Several recommendations emerge to improve data comparability. First, the selection of method must be well considered: for calcareous soils, LOI with decarbonation or the Anne method are preferable. Second, the conventional conversion factor of 1.724 used to estimate SOM from organic carbon may not be universally valid. Soil-specific conversion factors should be developed [12,13]. Finally, researchers must explicitly report the method used, including sample preparation and analytical conditions.

Results suggest that the Anne method provides the most accurate estimation of SOM in calcareous soils, owing to its capacity for more complete oxidation of organic carbon. Nevertheless, its use may be constrained by cost, reagent handling, and the potential risk of overestimation in soils with low organic content. In contrast, LOI with decarbonation, despite a systematic underestimation, shows strong concordance with the reference method and appears to be a reliable, robust, and cost-effective alternative when analytical conditions are carefully controlled. This highlights that the choice of method should be guided not only by accuracy but also by practical considerations such as resources, laboratory infrastructure, and soil characteristics.

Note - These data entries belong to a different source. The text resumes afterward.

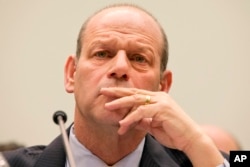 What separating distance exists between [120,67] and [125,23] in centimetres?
24

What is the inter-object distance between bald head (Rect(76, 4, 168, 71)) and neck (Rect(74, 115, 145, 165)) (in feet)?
1.02

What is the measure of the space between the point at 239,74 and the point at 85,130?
160 cm

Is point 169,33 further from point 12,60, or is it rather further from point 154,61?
point 154,61

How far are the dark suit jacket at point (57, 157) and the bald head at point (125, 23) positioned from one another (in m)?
0.35

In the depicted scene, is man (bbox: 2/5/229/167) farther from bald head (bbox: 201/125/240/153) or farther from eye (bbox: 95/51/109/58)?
bald head (bbox: 201/125/240/153)

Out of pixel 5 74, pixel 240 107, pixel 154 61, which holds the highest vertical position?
pixel 154 61

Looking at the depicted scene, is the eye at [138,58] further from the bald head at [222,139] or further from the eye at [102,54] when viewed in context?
the bald head at [222,139]

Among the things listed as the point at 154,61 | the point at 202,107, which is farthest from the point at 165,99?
the point at 202,107

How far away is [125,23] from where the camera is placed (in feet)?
6.37

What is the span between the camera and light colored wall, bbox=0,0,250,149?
3.22 meters

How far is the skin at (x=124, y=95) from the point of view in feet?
5.87

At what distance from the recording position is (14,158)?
194 centimetres

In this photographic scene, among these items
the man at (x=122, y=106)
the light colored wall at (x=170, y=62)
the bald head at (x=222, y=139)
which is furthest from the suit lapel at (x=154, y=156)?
the light colored wall at (x=170, y=62)

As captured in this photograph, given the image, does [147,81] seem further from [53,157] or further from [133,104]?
[53,157] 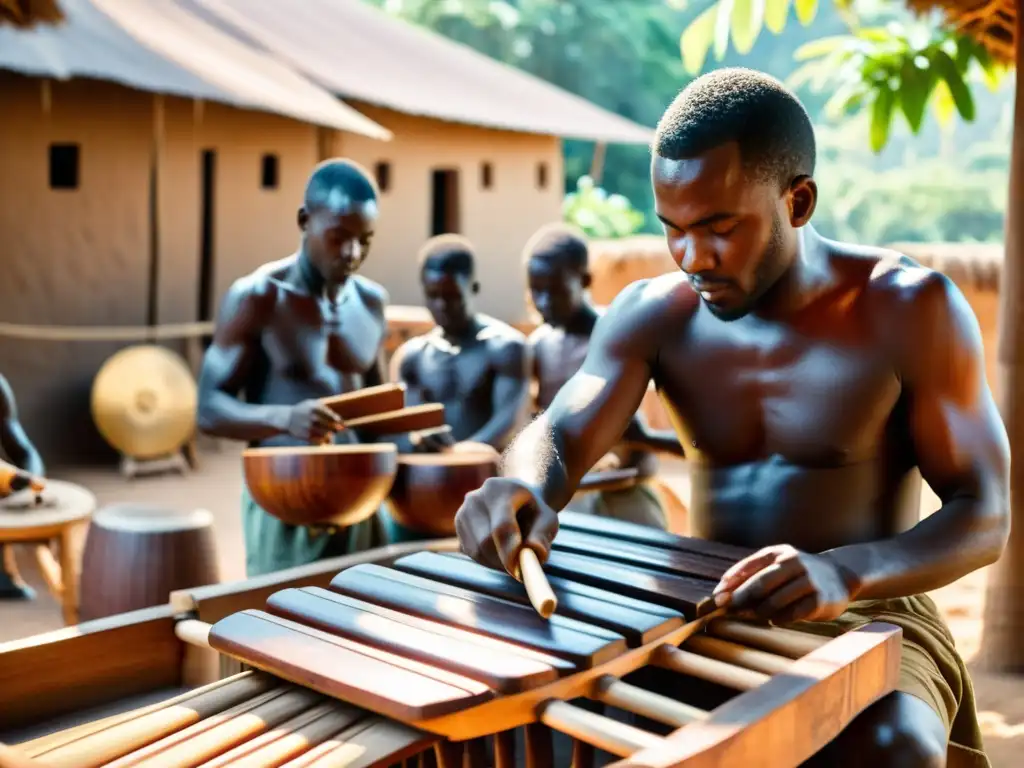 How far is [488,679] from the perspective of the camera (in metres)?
1.48

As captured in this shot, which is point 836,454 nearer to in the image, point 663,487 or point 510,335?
point 510,335

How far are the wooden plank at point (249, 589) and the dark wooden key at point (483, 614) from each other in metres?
0.44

These findings confirm the need to consider the mineralogical composition of soils when selecting analytical methods, especially in carbonate-rich environments, in order to avoid biased estimations and misinterpretation of organic matter dynamics.

In summary, this study confirms that the choice of method significantly affects SOM values, particularly in calcareous soils. When rigorously applied, LOI with decarbonation appears to be a reliable, robust, and cost-effective alternative to more advanced instrumental techniques. The development of harmonised analytical protocols tailored to local pedological conditions should be a priority for future research on soil organic carbon dynamics.

5. Conclusions

This study compared the effectiveness of four commonly used methods for estimating SOM in calcareous soils: the Anne method, the modified Walkley–Black method, and LOI with and without decarbonation. The findings revealed significant variability in SOM values depending on the analytical method, largely due to the sensitivity of the protocols to the presence of carbonates and the efficiency of organic carbon oxidation.

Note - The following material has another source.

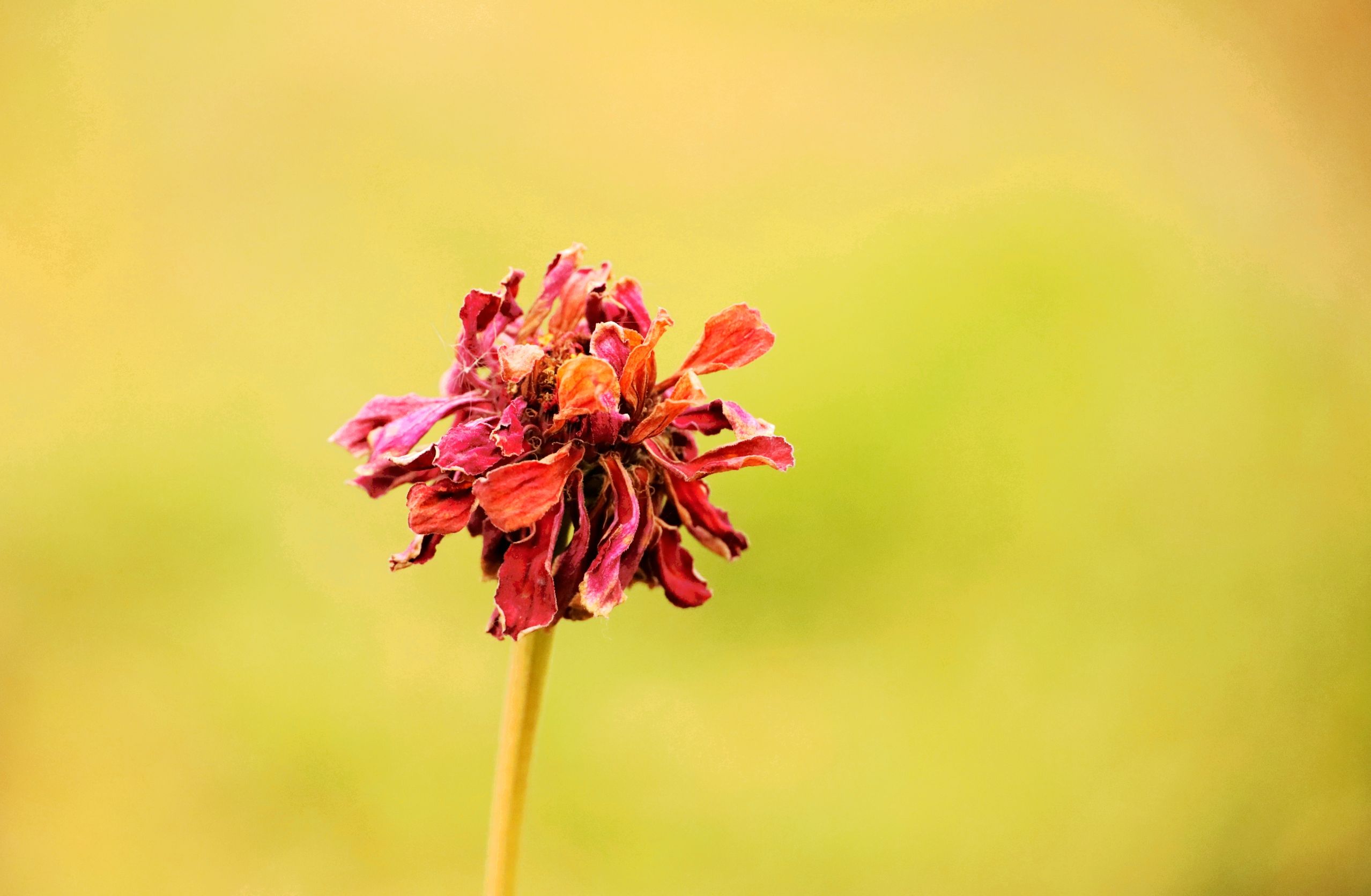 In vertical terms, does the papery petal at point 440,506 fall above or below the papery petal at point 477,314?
below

The Anne method, considered as the reference in this work, proved the most effective in the studied conditions, although it may overestimate SOM under certain circumstances. The modified Walkley–Black method showed lower recovery of organic carbon. LOI, on the other hand, showed high potential when pre-decarbonation was applied. The strong correlation observed between LOI with decarbonation and the Anne method suggests that this approach is a reliable and accessible alternative, especially in resource-limited laboratories.

These findings emphasise the importance of selecting appropriate methods according to soil type and support the need for standardised protocols, particularly for calcareous soils. Developing soil-specific conversion factors and ensuring greater transparency in methodological reporting are also critical to improving data comparability across studies. As accurate SOM measurement becomes increasingly central to sustainable soil management and climate change mitigation strategies, harmonising analytical practices remains a key research priority.